======== Given entries

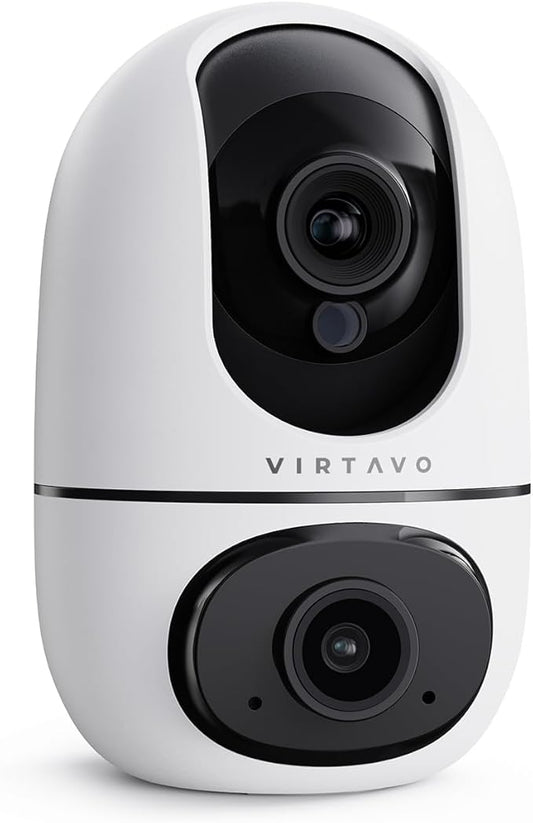 virtavo XD1 Indoor Security WiFi Camera, Wireless, Dual-Lens 360° PTZ Baby Monitor & Pet Cam, Motion Tracking, 2-Way Audio, Night Vision, Cloud/SD Storage, Phone App, Plug-in Power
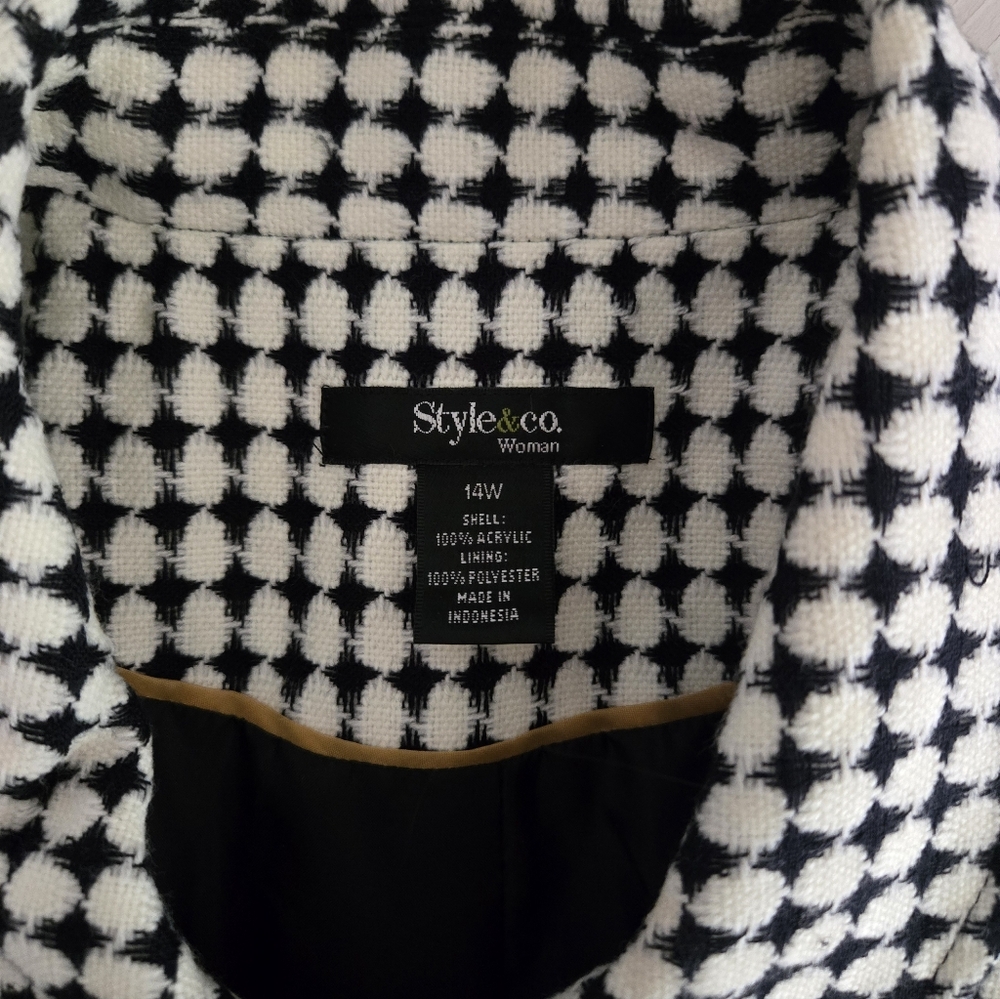 Style & Co. Women Stylish Black and White Women's Coat Size 14W - Picture 7 of 7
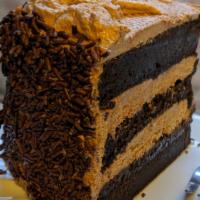 Chocolate Cake · 3-layer chocolate cake with chocolate frosting and chocolate sprinkles!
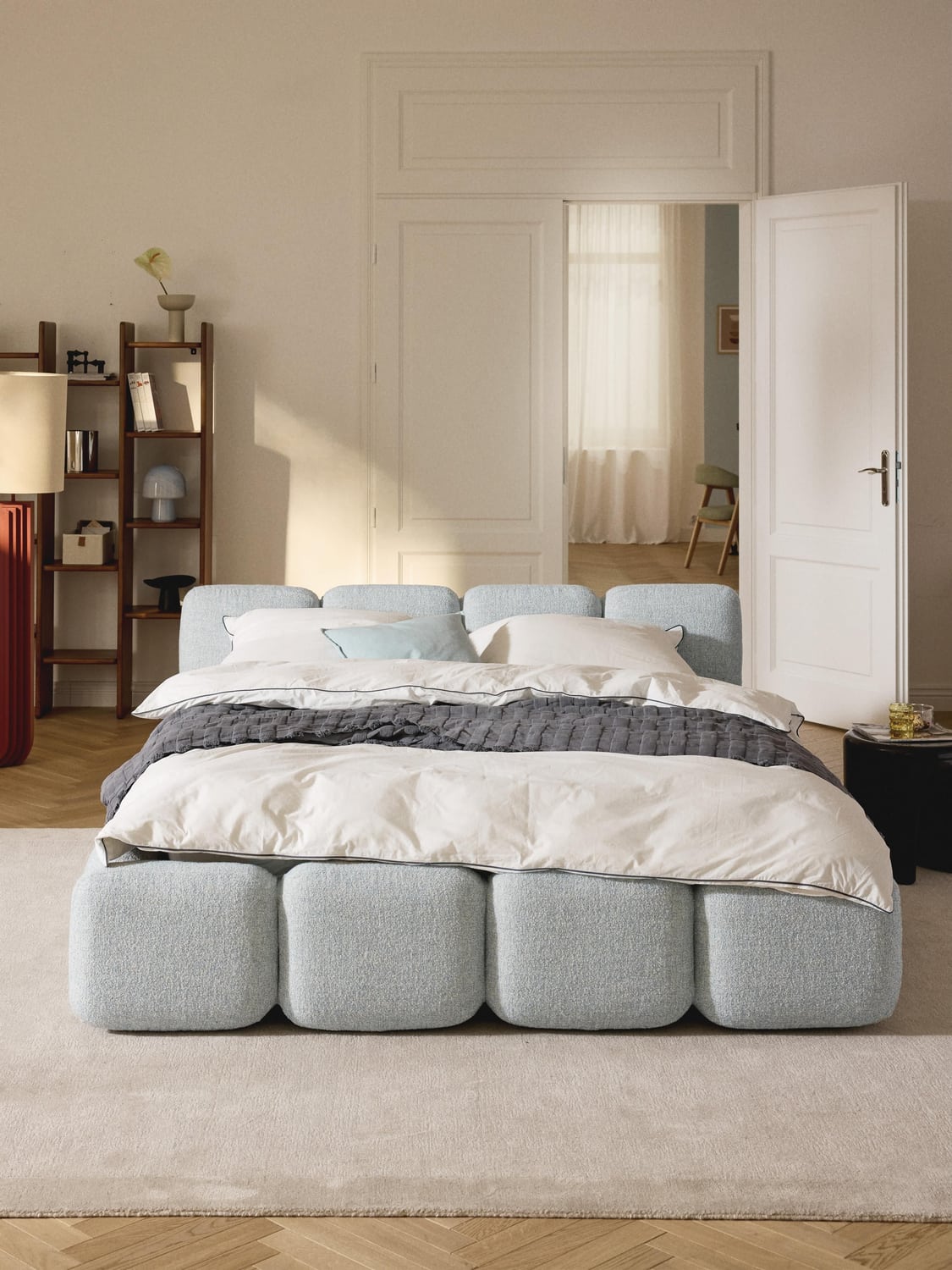 Tayla Upholstered Bed in Bouclé — Light Grey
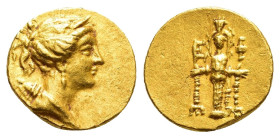 IONIA. Ephesos.(Circa 123-119 BC).GOLD Stater.

Obv : Draped bust of Artemis right, wearing stephane, and with bow and quiver over shoulder.

Rev ...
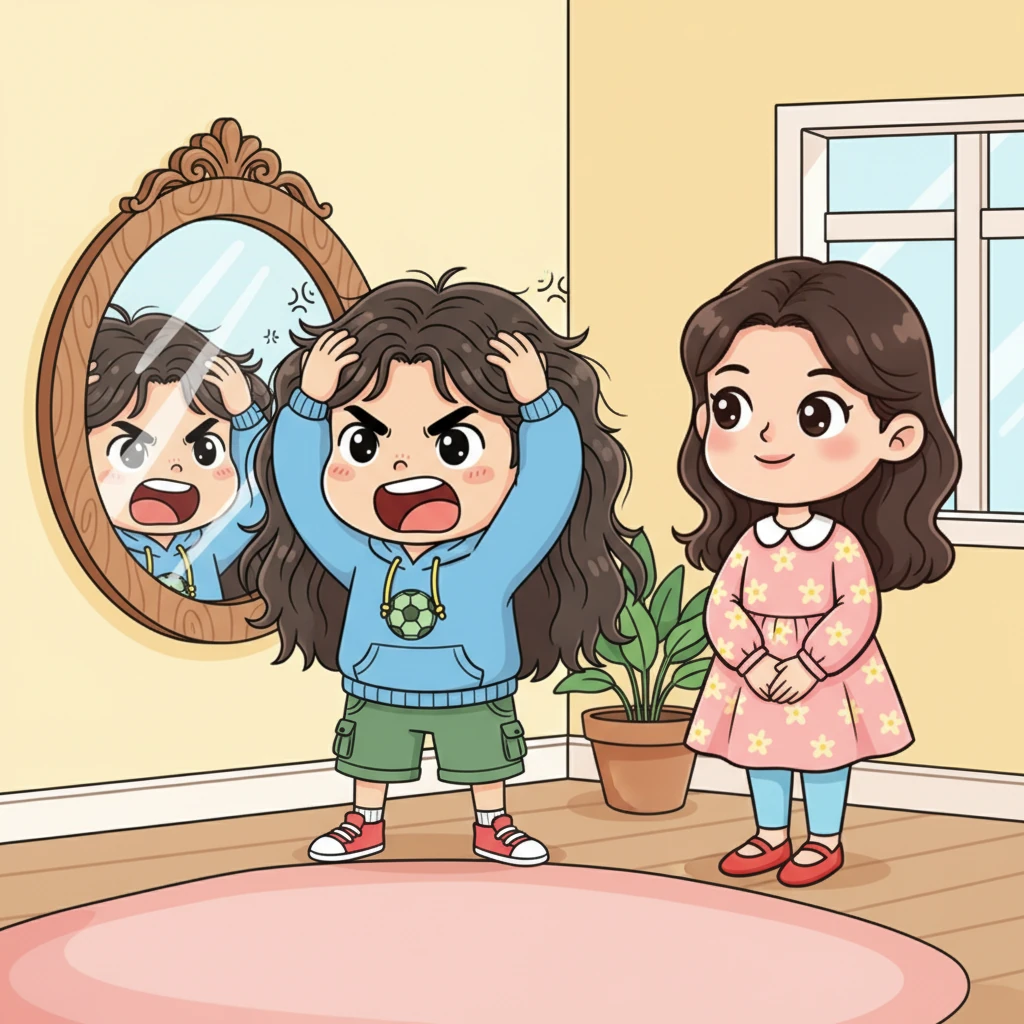 回到家，小明对着镜子，摸着自己长长的刘海，下定决心。他大声宣布：“我再也不剪头发了！我要留一头最酷的长发！”妈妈听了，只是温柔地笑了笑。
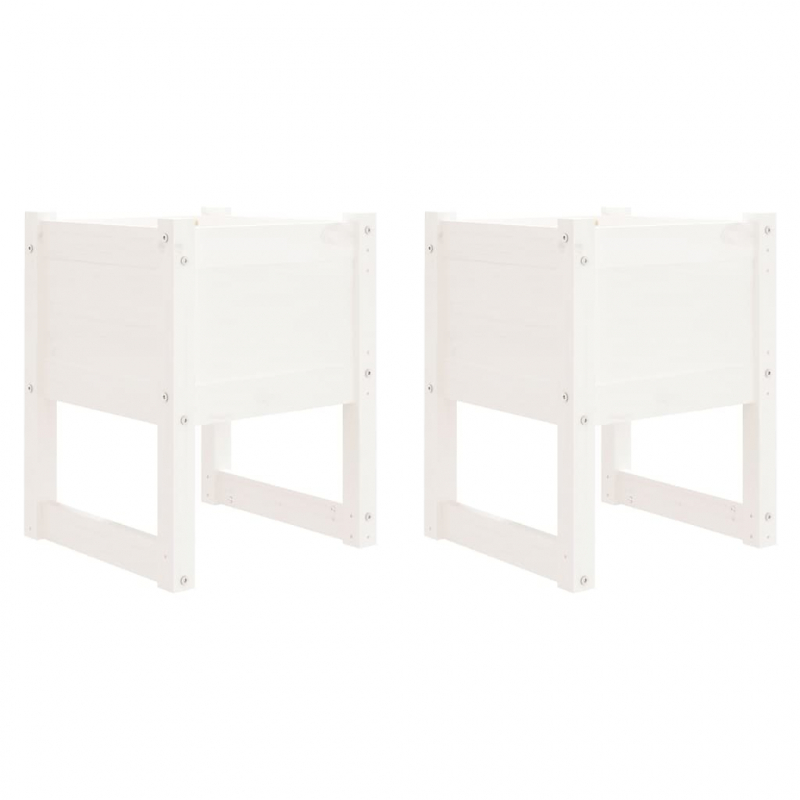 Pflanzkübel 2 Stk. Weiß 40x40x52,5 cm Massivholz Kiefer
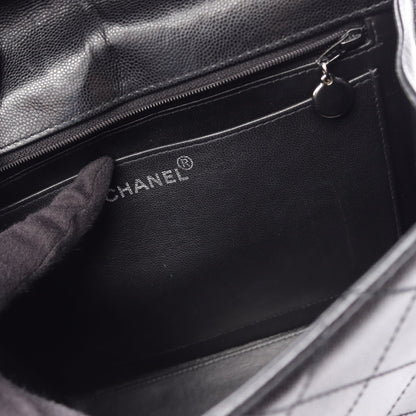 マトラッセ ハンドバッグ キャビアスキン ブラック シルバー金具 シャネル バッグ CHANEL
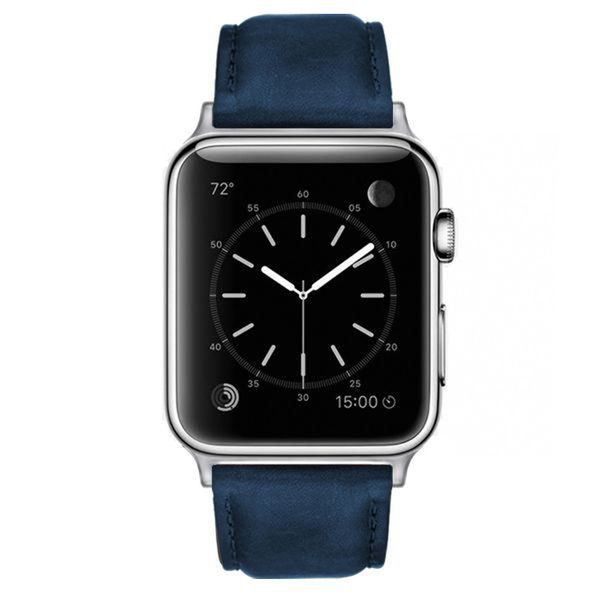 Premium Navy Blue Italian Leather Strap For Silver 38mm / 40mm Apple Watch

================

▸ **What you should do**
Print all entries exactly. The images do not belong in the copy.

▸ **Answer to the exercise**
 virtavo XD1 Indoor Security WiFi Camera, Wireless, Dual-Lens 360° PTZ Baby Monitor & Pet Cam, Motion Tracking, 2-Way Audio, Night Vision, Cloud/SD Storage, Phone App, Plug-in Power
 Style & Co. Women Stylish Black and White Women's Coat Size 14W - Picture 7 of 7
 Chocolate Cake · 3-layer chocolate cake with chocolate frosting and chocolate sprinkles!
 Tayla Upholstered Bed in Bouclé — Light Grey
 IONIA. Ephesos.(Circa 123-119 BC).GOLD Stater.

Obv : Draped bust of Artemis right, wearing stephane, and with bow and quiver over shoulder.

Rev ...
 回到家，小明对着镜子，摸着自己长长的刘海，下定决心。他大声宣布：“我再也不剪头发了！我要留一头最酷的长发！”妈妈听了，只是温柔地笑了笑。
 Pflanzkübel 2 Stk. Weiß 40x40x52,5 cm Massivholz Kiefer
 マトラッセ ハンドバッグ キャビアスキン ブラック シルバー金具 シャネル バッグ CHANEL
 Premium Navy Blue Italian Leather Strap For Silver 38mm / 40mm Apple Watch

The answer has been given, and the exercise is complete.